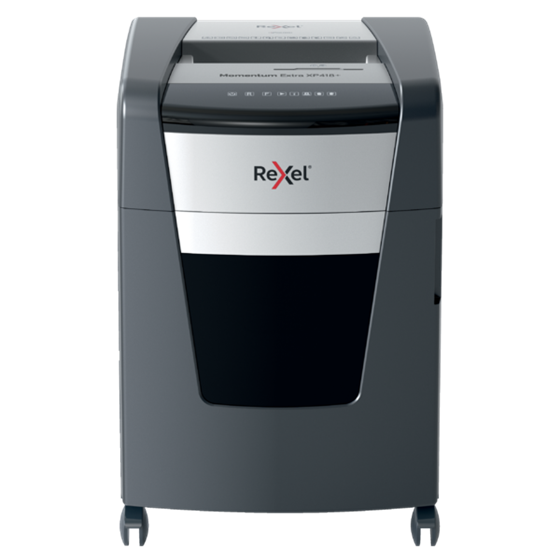 Rexel Momentum Extra Xp418+ Destructora De Papel De Corte En Partículas Sin Atascos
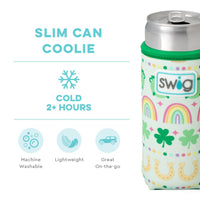 Lucky Charm Slim Can Coolie, Swig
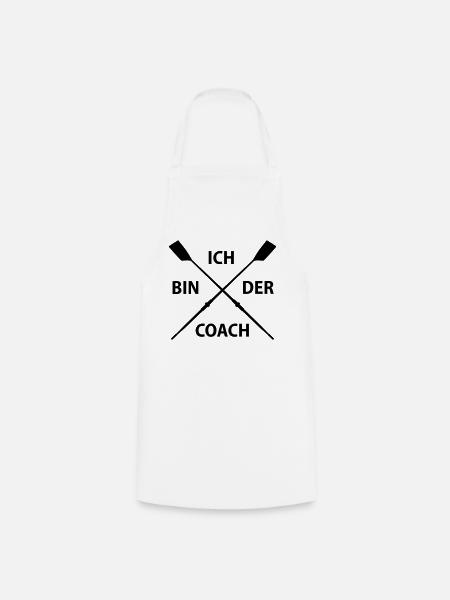 Ruder Coach - Kochschürze - Weiß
++++++++++
Every picture stays out; reproduce exactly the lines from the one with "Lucky Charm Slim Can Coolie, Swig" through the last line of the data above.

* _Written response_
 Lucky Charm Slim Can Coolie, Swig
 Ruder Coach - Kochschürze - Weiß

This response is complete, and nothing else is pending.